Łączna liczba wyświetleń

środa, 15 czerwca 2011

Zakładki




Nadal dłubię igielniki,ale nudno by było ciągle pokazywać te małe podusie,więc pokarzę zakładki mimo tego że jakoś nie mogę się zebrać w sobie i wykończyć ich.Tak więc czekają biedulki aż będę miała natchnienie i dostaną odpowiednie wykończenie.

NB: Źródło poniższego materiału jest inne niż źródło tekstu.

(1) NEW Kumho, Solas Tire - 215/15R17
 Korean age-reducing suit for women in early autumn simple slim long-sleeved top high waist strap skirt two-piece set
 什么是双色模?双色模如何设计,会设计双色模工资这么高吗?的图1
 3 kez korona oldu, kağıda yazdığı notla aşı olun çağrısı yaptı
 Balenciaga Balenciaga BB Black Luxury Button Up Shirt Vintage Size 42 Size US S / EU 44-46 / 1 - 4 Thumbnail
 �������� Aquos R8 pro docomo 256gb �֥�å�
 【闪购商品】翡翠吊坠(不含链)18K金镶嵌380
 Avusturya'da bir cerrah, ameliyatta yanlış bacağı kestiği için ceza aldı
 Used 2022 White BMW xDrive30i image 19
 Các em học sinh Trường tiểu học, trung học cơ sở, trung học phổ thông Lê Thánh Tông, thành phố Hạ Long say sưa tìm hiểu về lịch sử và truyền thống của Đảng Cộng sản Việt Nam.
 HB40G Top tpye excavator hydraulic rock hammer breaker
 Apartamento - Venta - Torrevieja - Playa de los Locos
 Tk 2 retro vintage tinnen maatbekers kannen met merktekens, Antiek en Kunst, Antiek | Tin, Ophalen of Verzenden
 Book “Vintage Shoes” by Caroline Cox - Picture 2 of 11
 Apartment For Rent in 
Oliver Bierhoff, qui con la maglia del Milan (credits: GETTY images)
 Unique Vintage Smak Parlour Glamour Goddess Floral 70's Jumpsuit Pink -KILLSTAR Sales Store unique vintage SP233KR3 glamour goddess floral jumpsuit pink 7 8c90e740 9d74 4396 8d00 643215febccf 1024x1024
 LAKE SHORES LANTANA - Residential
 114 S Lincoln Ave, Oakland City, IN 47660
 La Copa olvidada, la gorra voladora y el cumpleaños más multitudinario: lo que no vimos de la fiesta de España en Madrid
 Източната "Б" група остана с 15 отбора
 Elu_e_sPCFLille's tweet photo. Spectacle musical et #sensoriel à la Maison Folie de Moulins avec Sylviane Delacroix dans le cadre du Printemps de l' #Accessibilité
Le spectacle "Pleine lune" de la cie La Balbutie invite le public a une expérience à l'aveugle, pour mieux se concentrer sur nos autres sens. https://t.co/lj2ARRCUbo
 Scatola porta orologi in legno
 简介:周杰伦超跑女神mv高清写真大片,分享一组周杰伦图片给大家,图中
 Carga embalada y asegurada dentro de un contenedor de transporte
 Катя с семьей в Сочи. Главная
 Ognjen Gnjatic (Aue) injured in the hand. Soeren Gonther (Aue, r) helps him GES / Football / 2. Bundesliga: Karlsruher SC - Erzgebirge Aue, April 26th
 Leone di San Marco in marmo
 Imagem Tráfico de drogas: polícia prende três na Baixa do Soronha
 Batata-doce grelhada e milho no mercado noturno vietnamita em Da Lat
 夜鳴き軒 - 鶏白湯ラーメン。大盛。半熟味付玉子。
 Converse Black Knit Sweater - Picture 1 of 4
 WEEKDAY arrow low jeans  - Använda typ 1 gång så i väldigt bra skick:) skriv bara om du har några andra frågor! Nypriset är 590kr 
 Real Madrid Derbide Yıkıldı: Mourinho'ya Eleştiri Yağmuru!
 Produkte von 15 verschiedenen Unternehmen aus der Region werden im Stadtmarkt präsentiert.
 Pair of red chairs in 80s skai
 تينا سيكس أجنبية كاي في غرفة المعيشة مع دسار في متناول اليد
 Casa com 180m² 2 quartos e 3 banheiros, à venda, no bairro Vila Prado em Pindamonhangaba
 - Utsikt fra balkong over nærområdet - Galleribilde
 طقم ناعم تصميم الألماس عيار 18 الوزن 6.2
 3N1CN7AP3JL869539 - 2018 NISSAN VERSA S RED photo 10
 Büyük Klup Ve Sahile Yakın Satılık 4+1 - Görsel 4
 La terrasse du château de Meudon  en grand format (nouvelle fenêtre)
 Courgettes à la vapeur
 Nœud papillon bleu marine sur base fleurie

Jak widać tylko niebieska jest wykończona dokładnie,żonkil czeka jeszcze na kontury a wszystkie na flizelinę by zakryć tył zakładki.Flizelina jest tylko chęci brak :-(

piątek, 10 czerwca 2011

SAL SOLO

Przebudziłam się dziś po 2 ciemną nocą z bólem głowy,nawet wyszywanie coś mi nie szło,więc przed komputerem siadłam i pobawiłam się w wyszukiwanie.Wyszukałam swój ukochany utwór i mimo tego że mam go w komórce,wysłuchałam go chyba z 10 razy.Z tą piosenką było tak: mając jeszcze czarno biały telewizor usłyszałam i zobaczyłam ten teledysk hmmm...bardzo dawno temu,i utkwił mi w pamięci jak żaden,ponieważ nie mam pamięci do piosenkarzy,tytułów utworów i nigdy nie byłam pasjonatką jakiejś konkretnej muzyki,piosenkę tą szukałam na wariata,czyli pytałam się tak:Kto to jest,śpiewał tą piosenkę w otoczeniu dzieci w aksamitnych ubrankach z dużymi białymi kołnierzami,a sam grał na gitarze i był łysy,dzieci stały na schodach i ten teledysk pierwszy raz był w TV przed Bożym Narodzeniem.Czy domyśliłyby się ktoś o co mi chodzi???
Chciałabym wkleić tu ten teledysk i pokazać Wam jak po wielkich trudach i latach udało mi się zdobyć to nagranie ale nie umiem tego zrobić,więc tylko link do tego teledysku daję:http://www.youtube.com/watch?v=iAojTuIW8XQ&feature=related
Piosenkę tę słucham gdy jestem smutna,gdy jestem wesoła,gdy mam problemy.gdy ich nie mam...dla mnie ta piosenka jest TO COŚ! Dla mnie ona jest zawsze modna,zawsze na czasie.
A tak na marginesie to dopiero w 2001 roku dowiedziałam się jak piosenkarz się nazywa,a i tak jak córka pierwszy raz szukała tego nagrania w necie to źle jej podałam nazwisko i imię,ale znalazła ku wielkiej mojej radości! :-)))))))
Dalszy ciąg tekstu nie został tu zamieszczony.